(Saved entries)
==============================

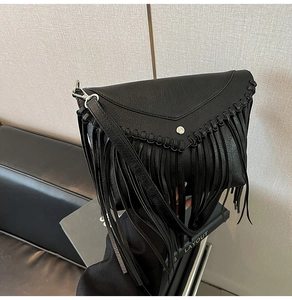 Detail of black pebbled leather crossbody bag with long tassels and woven edges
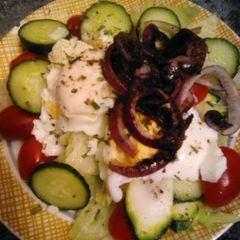 A picture of Poached eggs on salad.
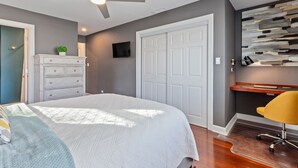 Een slaapkamer met een bed, een dressoir en een bureau met stoel.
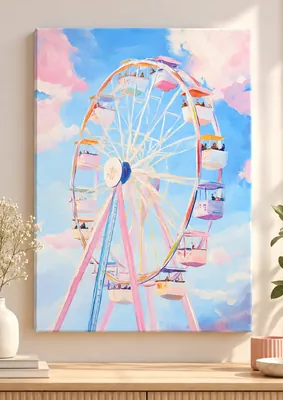 Pastel Ferris wheel with colorful passenger cabins against a bright blue sky with soft pink and white clouds.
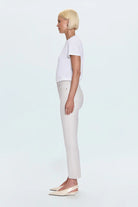 Person wearing a white t-shirt and white pants on a light blue background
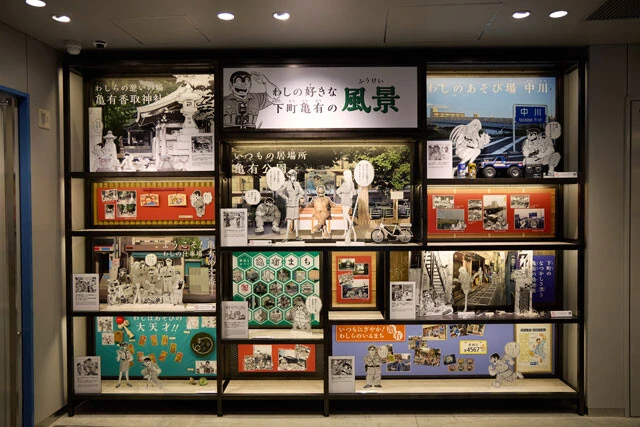 2階から1階に下る階段の途中に飾られている亀有の観光名所パネル。『こち亀』と亀有との一体感を演出している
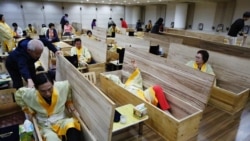 Participants get into coffins during a "living funeral" event as part of a "dying well" program in Seoul, South Korea, October 31, 2019. Picture taken on October 31, 2019. REUTERS/Heo Ran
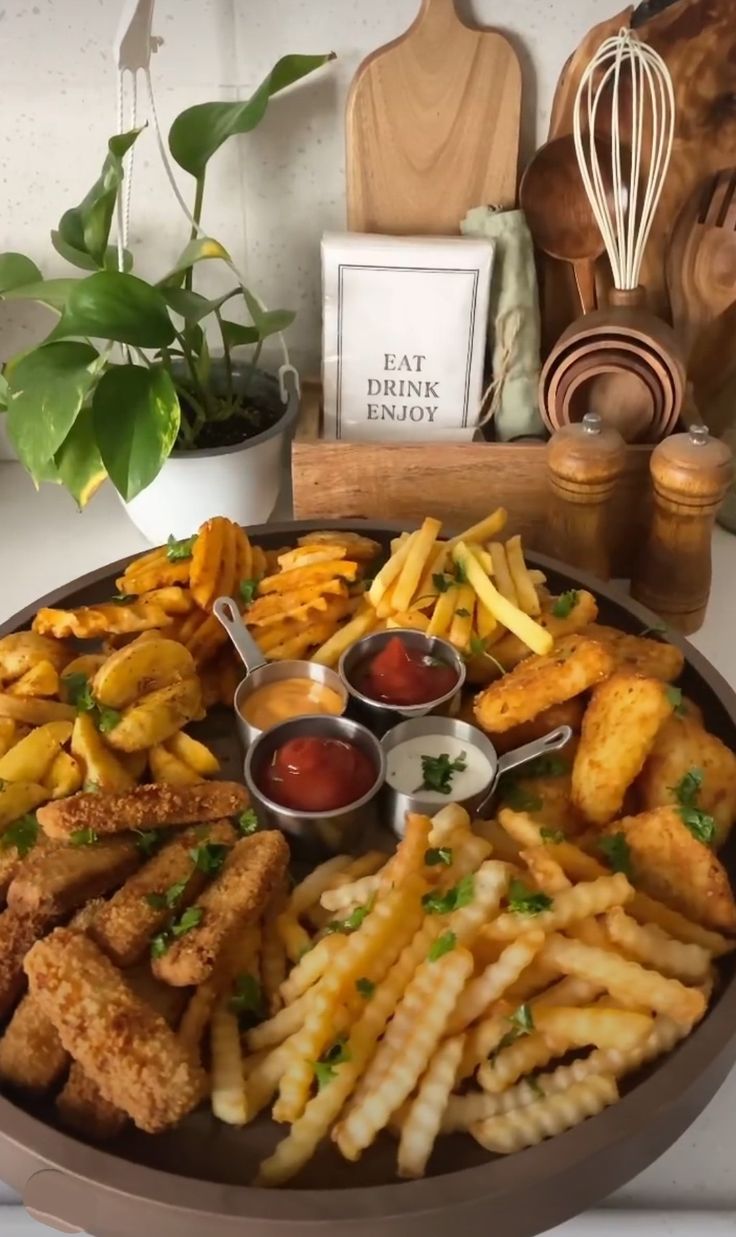 a platter filled with french fries and ketchup on top of a table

==============================

■ Activity ■
Beginning at the line that contains "Participants get into", copy each remaining line of the records exactly, through the final one. Omit the pictures.

■ The completed task ■
 Participants get into coffins during a "living funeral" event as part of a "dying well" program in Seoul, South Korea, October 31, 2019. Picture taken on October 31, 2019. REUTERS/Heo Ran
 a platter filled with french fries and ketchup on top of a table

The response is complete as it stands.